Intel was to make a filing and publish its reasons for supporting the FTC case on Friday, according to company spokesman Will Moss.
Intel competes with Qualcomm in the market for chips that connect smartphones, including the iPhone, to mobile phone networks.
Qualcomm is trying to fend off a series of legal and regulatory challenges to its business practices around the world, including a suit by Apple Inc, one of its largest customers.
The chipmaker gets most of its profits from selling the rights to use patents that are essential to all modern mobile phone systems.
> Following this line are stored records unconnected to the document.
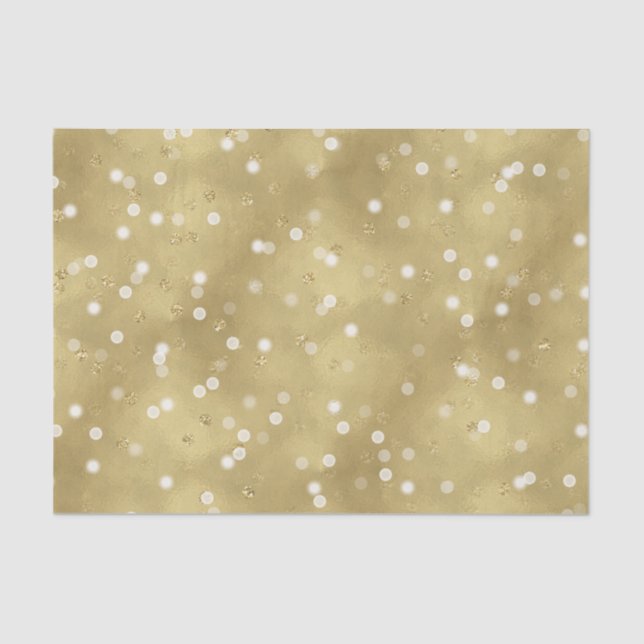 Papier Mousseline Dreamy Gold Bokeh Confetti (Recto)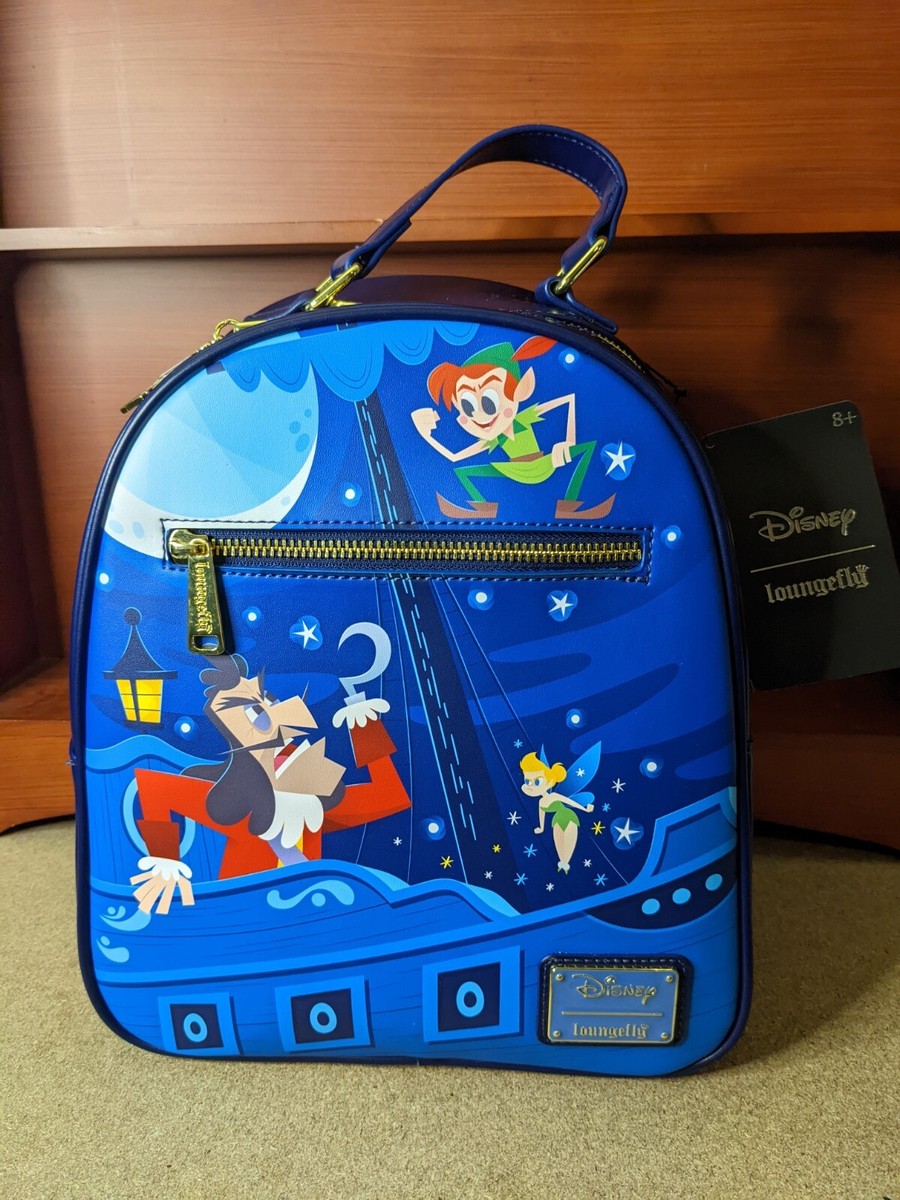 LOUNGEFLY DISNEY PETER PAN CAPTAIN HOOK MINI BACKPACK~ WITH TAGS~ NEW~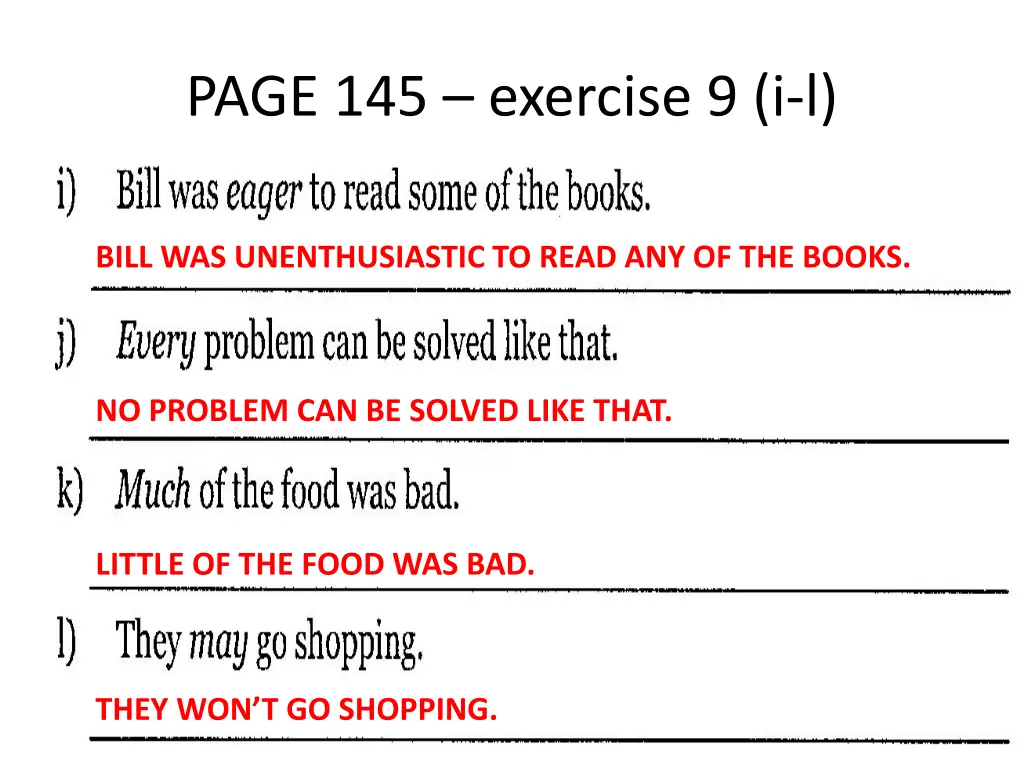 page 145 exercise 9 i l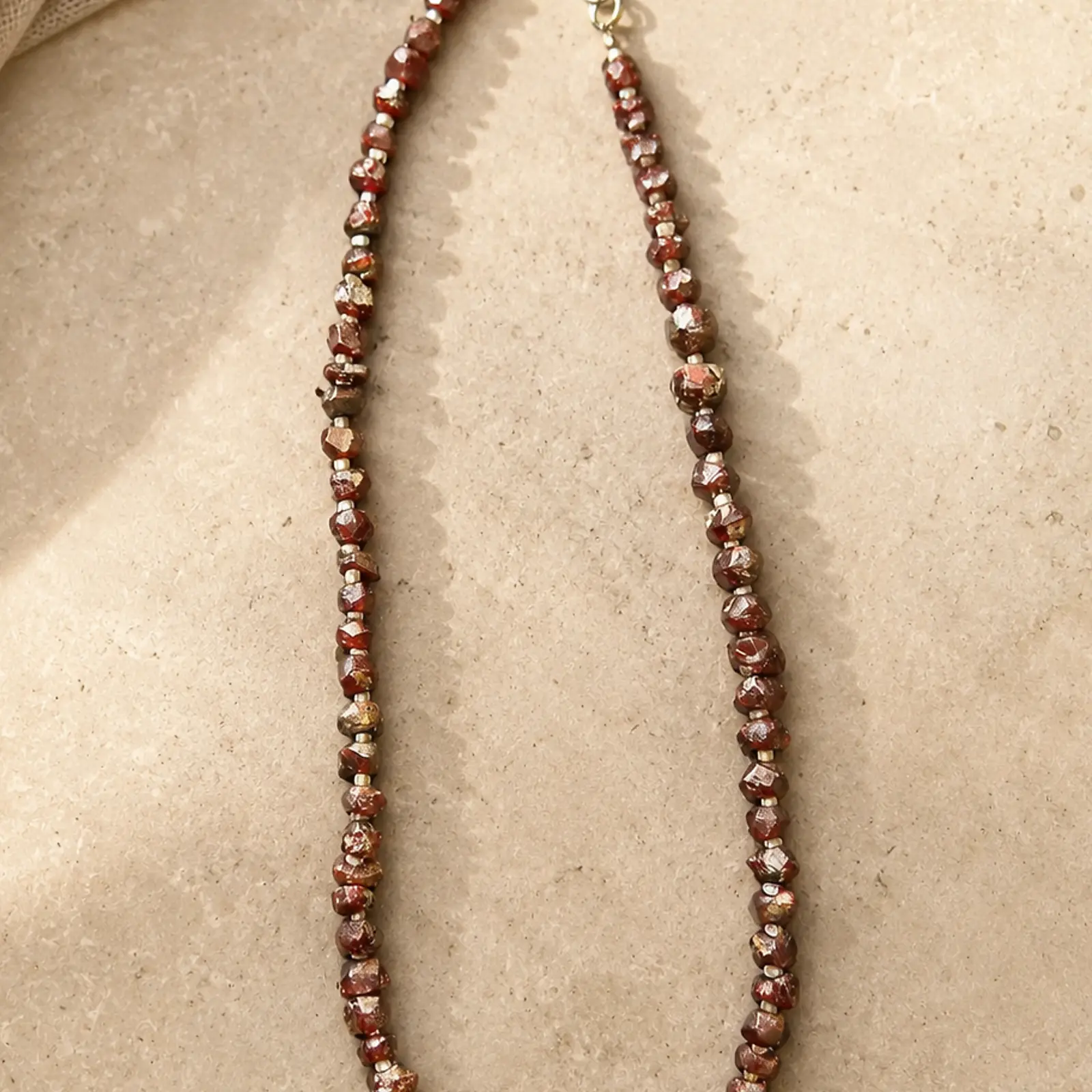 Natural Garnet Bead Necklace - Image 3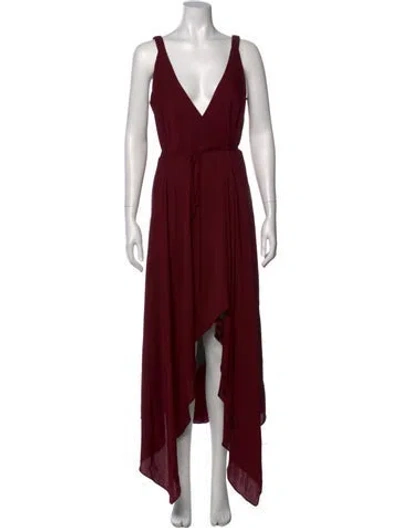 Pre-owned Milly Silk Long Dress In Burgundy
Many of the cases target the link between those license fees and its semiconductor business.
Earlier on Friday, the FTC in a filing in federal court in San Jose, California, urged a judge to reject Qualcomm’s request for dismissal of the agency’s case, saying the allegations “present a forceful antitrust case.”
A hearing is set for June 15.
“The Federal Trade Commission’s latest submission to the court does nothing to cure the fundamental flaws in its complaint against Qualcomm: No coherent theory of competitive harm and no allegations of the type of conduct that the antitrust laws are designed to address,” Qualcomm said in a statement. “The complaint therefore should be dismissed.”
Shares of Qualcomm, the world’s fourth-largest chipmaker, have slumped this year on concern that the growing legal challenges would hurt its main source of profit.
The stock has lost 15 percent this year, compared with a 15 percent gain by the benchmark Philadelphia Stock Exchange Semiconductor Index.